Finally we merge the 1996-2014 and 2010-2020 files. For the 2010-2014 period, we keep the data from the second file. We also change the “0” flows values as unreported values.

Code
N_P_rhin_meuse_1996_2014[N_P_rhin_meuse_1996_2014==0] <- NA
N_P_rhin_meuse_2010_2020[N_P_rhin_meuse_2010_2020==0] <- NA

N_P_rhin_meuse <- 
  bind_rows(
    N_P_rhin_meuse_1996_2014 %>%
      filter(Year < 2010),
    N_P_rhin_meuse_2010_2020
  )

N_P_rhin_meuse <- N_P_rhin_meuse %>% distinct()

There is a mistake with the Plobsheim plant which is reported for the year “1899”. We remove this line (no data was reported anyway).

Code
N_P_rhin_meuse <- N_P_rhin_meuse %>% filter(Year >1995)
N_P_rhin_meuse_1996_2014 <- N_P_rhin_meuse_1996_2014 %>% filter(Year >1995)

Some WWTP have unreported capacities. For the most recent of them we are able to get their capacity from the sanitation portal data.

Code
#get the list of WWTP with unreported capacities
unreported_capacity <- N_P_rhin_meuse %>% filter(is.na(capacity))
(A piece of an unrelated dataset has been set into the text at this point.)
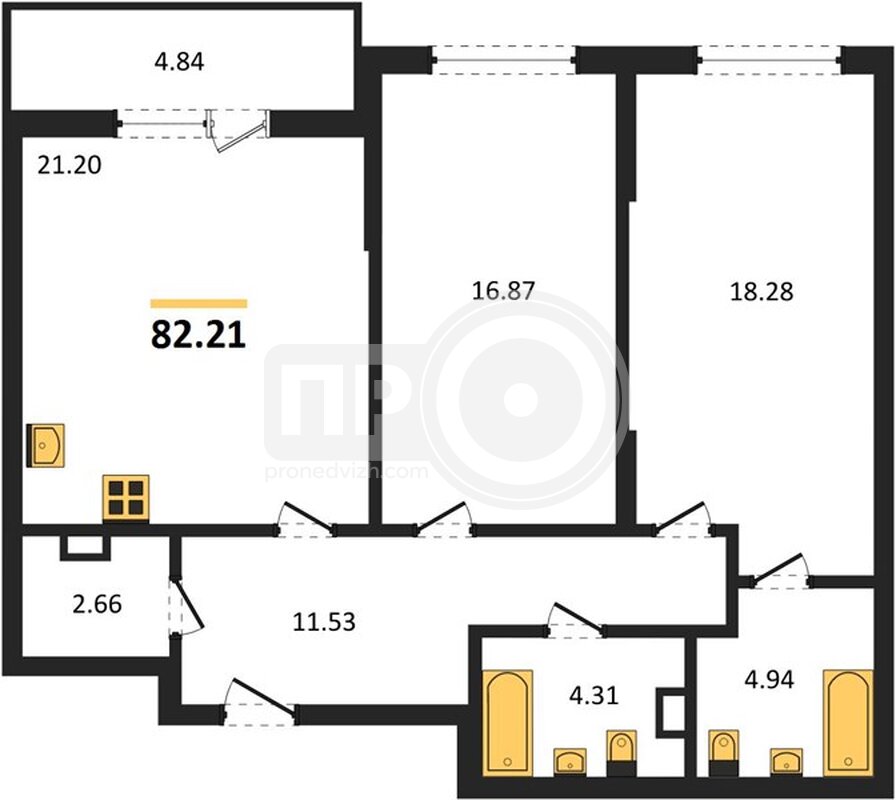 2-комнатная квартира, 82.21кв.м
#get capacities from the sanitation portal
sanitation_portal_capacity <- read_csv("output_data/all_WWTP/all_WWTP_sanitation_portal.csv") %>%
  select(code_WWTP, capacity) %>%
  distinct()

#change value when possible
unreported_capacity <- left_join(
  unreported_capacity %>% rename(capacity_LB = capacity), 
  sanitation_portal_capacity %>% 
    select(code_WWTP, capacity), 
  by="code_WWTP"
) %>%
  select(-capacity_LB)

#we change the values in the main file.
N_P_rhin_meuse <- N_P_rhin_meuse %>% 
  filter(is.na(capacity)==F)

N_P_rhin_meuse <- bind_rows(
  N_P_rhin_meuse, unreported_capacity
)

In spite of this correction, there remains 46 stations without reported nominal capacity. But they represent a very small amount of the total and an very small port of the nutrient flows (below on the right for phosphorus, the almost indistinguishable area near 0).

Code
temp <- N_P_rhin_meuse %>%
  group_by(Year) %>%
  summarise(
    Pt_in = sum(Pt_in, na.rm=T)*365/10^6,
    nb_WWTP = n()
  )
temp2 <- unreported_capacity %>%
  filter(is.na(capacity)) %>%
  group_by(Year) %>%
  summarise(
    Pt_in = sum(Pt_in, na.rm=T)*365/10^6,
    nb_WWTP = n()
  )

plot_grid(
  ggplot(temp) +
    geom_line(aes(Year, nb_WWTP)) +
    geom_area(data = temp2, aes(Year, nb_WWTP)) +
    labs(
      x="", y="",
      subtitle = "nb of wastewater treatment plants",
      title = "Stations not reporting their nominal capacity",
      caption = "\n"
    ),
  ggplot(temp) +
    geom_line(aes(Year, Pt_in)) +
    geom_area(data = temp2, aes(Year, Pt_in)) +
    labs(
      x="", y="kt per year",
      subtitle = "in terms of incoming Pt flows",
      title = "",
      caption = Source
    ) +
    ylim(0, 3)
)

We create the capacity categories in terms of population equivalent.

Code
#function to create capacity categories
f_PE_bin_categories <- function(dataset){
  #Creating size categories
  dataset <- 
    dataset %>%
    mutate(
      PE_bin = case_when(
        capacity < 200 ~ "0 - 200 PE",
        (capacity >= 200) & (capacity <2000) ~ "200 - 2 000 PE",
        (capacity >= 2000) & (capacity <10000) ~ "2 000 - 10 000 PE",
        (capacity >= 10000) & (capacity <100000) ~ "10 000 - 100 000 PE",
        capacity >= 100000 ~ "> 100 000 PE",
        T ~ "unreported PE"
      )
    )
  
  #reorders treatment by their share of total capacity
  dataset$PE_bin <- 
    factor(
      dataset$PE_bin, 
      levels = 
        c("unreported PE",
          "0 - 200 PE", 
          "200 - 2 000 PE", 
          "2 000 - 10 000 PE",
          "10 000 - 100 000 PE", 
          "> 100 000 PE"
          )
        )
  return(dataset)
}
N_P_rhin_meuse <- f_PE_bin_categories(N_P_rhin_meuse)
N_P_rhin_meuse_1996_2014 <- f_PE_bin_categories(N_P_rhin_meuse_1996_2014)
N_P_rhin_meuse_2010_2020 <- f_PE_bin_categories(N_P_rhin_meuse_2010_2020)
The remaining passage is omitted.